▶ **Information shown**:
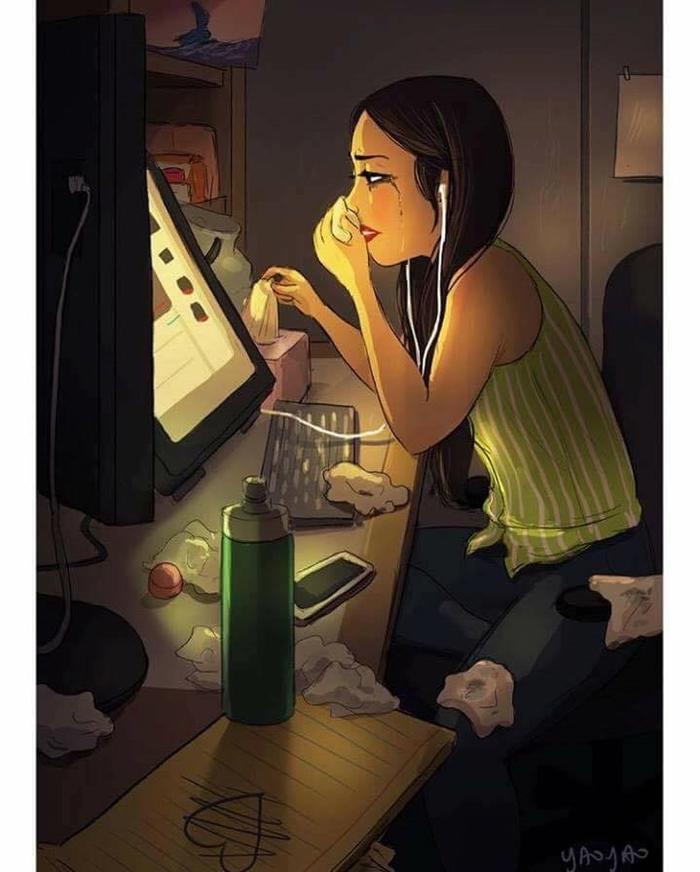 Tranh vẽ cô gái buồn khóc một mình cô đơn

---

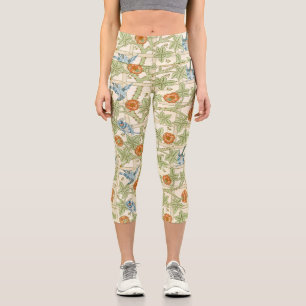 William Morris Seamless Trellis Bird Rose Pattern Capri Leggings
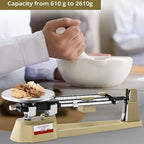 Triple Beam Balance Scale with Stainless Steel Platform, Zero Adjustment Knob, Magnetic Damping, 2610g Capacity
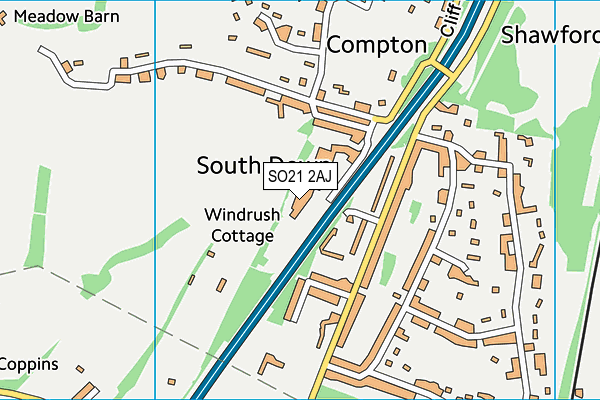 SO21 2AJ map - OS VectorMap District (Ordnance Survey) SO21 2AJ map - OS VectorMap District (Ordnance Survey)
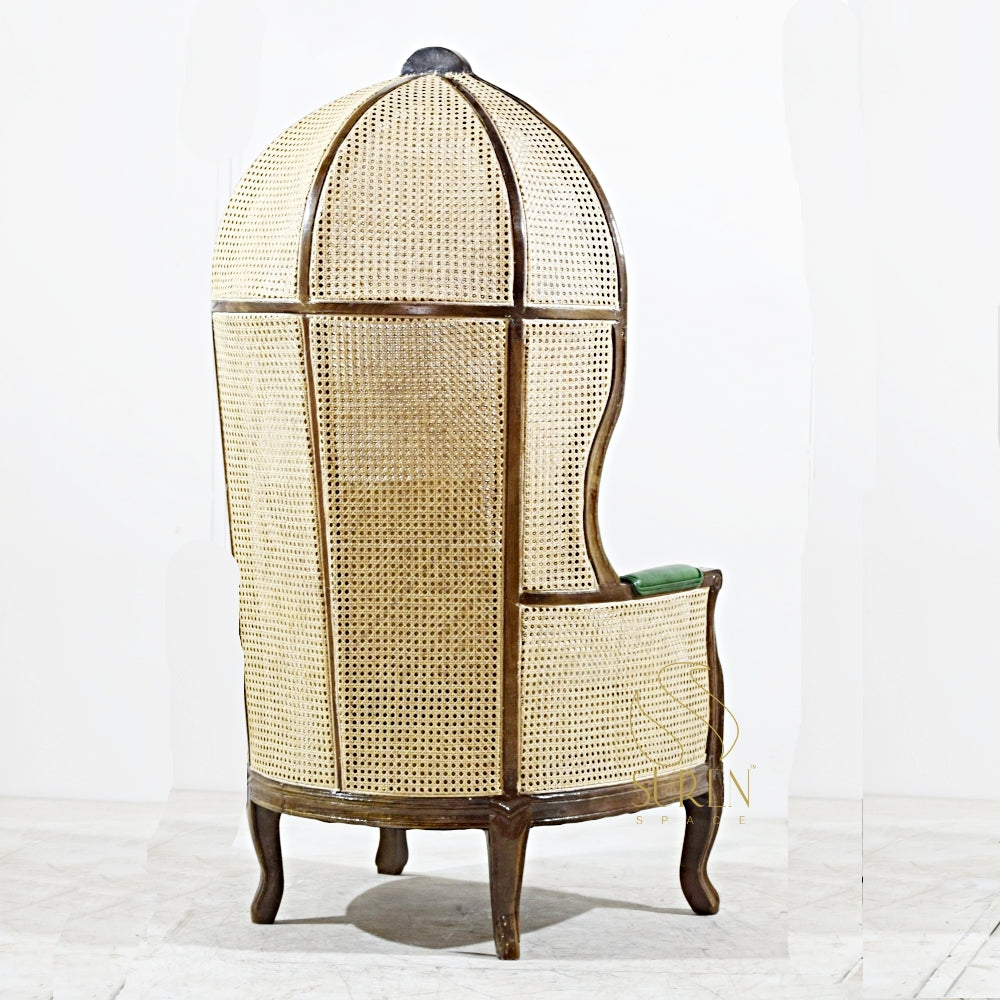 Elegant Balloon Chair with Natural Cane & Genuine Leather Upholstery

▶ **What you will do**:
What to print is the stretch of entries from the line with "William Morris Seamless" up to and including the line with "Elegant Balloon Chair". Please print it exactly and leave out the pictures.

▶ **Worked solution**:
 William Morris Seamless Trellis Bird Rose Pattern Capri Leggings
 Triple Beam Balance Scale with Stainless Steel Platform, Zero Adjustment Knob, Magnetic Damping, 2610g Capacity
 SO21 2AJ map - OS VectorMap District (Ordnance Survey) SO21 2AJ map - OS VectorMap District (Ordnance Survey)
 Elegant Balloon Chair with Natural Cane & Genuine Leather Upholstery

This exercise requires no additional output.